Bill: For us it’s different in two ways.
Rick Steves of course is all Europe and only Europe and so that doesn’t pose the same licensing opportunity. Moreover, most of his recommendations are not chain-based.
The nature of Rick’s coverage as you know is very, very particular; very keen towards sites. His guides are on a cultural mission and so when it comes to certain kinds of amenities or restaurant coverage but that isn’t their strength. They are not as even and balanced but as regards to the other series, they don’t have to be.
In the case of Moon, it is among the major guidebook series but not at the head of them. Therefore, Moon has never been able to really compete with guides to Las Vegas or Disney World or either New York City and San Francisco or European destinations.
Therefore, Moon has not had that same licensing opportunities that you speak of. So we haven’t had to give up as much, as those other series might have.
Skift: At the same time, looking at book sales over the last six years of so, where everybody else’s graph is on a reverse hockey stick, you guys are slow and steady. And I read a quote from Rick Steves the other day saying he is selling more books than ever right now. How are you continuing to sell the same number of books as you sold before and not losing out like the other book publishers are?
Bill: I’m sure we’ll talk about this more, later on. We have been very, very focused on the business in hand. The part of that is, because we had to. In the more than 20 years that I’ve been running Avalon and its predecessor companies, we have always had to be profitable.
We have never had a corporate parent who was willing to invest separately for its own sake.
The interesting thing about the sales figures, of course, is that it doesn’t include e-book sales which means that we are in fact growing.
Skift: Let’s go ahead and address e-books sales, because you said, if we thought about e-book sales, that’s growing. How has the introduction of an adoption of e-book sales affected either one?
Bill: Our customer is the travel guide book customer. And different guidebook customers would like to have their books in print or in e-book the same as readers of fiction or non-fiction.
What we aim to do in general is every time we define a piece of information that we’re going to maintain in a guidebook, if you will. Then we want to offer it to a customer in print and in E. We try to be as clear as possible about with what is being covered and when it was relived, and what they can expect.

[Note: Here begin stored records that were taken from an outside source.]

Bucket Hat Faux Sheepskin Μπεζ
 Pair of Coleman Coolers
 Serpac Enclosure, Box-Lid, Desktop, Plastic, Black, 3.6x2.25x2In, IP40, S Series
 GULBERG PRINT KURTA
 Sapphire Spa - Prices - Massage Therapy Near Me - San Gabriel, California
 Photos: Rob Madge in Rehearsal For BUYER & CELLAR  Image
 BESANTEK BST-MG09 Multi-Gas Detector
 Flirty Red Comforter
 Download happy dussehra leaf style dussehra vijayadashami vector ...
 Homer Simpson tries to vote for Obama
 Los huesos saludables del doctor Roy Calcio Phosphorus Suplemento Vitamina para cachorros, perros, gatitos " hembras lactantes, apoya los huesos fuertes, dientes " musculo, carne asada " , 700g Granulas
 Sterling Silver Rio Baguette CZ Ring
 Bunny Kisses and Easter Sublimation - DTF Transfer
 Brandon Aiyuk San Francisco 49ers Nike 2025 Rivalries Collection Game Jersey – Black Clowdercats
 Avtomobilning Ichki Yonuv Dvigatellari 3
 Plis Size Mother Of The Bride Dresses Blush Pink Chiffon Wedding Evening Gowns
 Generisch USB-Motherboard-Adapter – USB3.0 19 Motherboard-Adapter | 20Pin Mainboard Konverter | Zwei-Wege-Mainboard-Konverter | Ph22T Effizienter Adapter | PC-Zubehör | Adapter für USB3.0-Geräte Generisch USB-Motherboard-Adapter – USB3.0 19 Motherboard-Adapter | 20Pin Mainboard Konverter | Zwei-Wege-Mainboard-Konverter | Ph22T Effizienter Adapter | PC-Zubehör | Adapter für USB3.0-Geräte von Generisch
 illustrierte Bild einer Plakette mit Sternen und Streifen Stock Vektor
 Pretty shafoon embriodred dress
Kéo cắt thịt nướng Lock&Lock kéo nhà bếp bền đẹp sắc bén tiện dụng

There are times when we can’t do that. For example with Rick Steves we have about 80, I guess, walks and tours to individual museums. If we printed it, they’d be only 20 to 30 pages long. We sell them for about ninety nine cents. They don’t really make sense to the print products. We don’t do that.
But we have many, many — a couple of hundred Moon’s spotlight’s and Rick Steves snapshots — that we pull out and print. And we sell them to print stand alone and we sell them to e-book stand alone. And as long as something gets up to about 60 pages and they can take in spine then we will publish it in both formats.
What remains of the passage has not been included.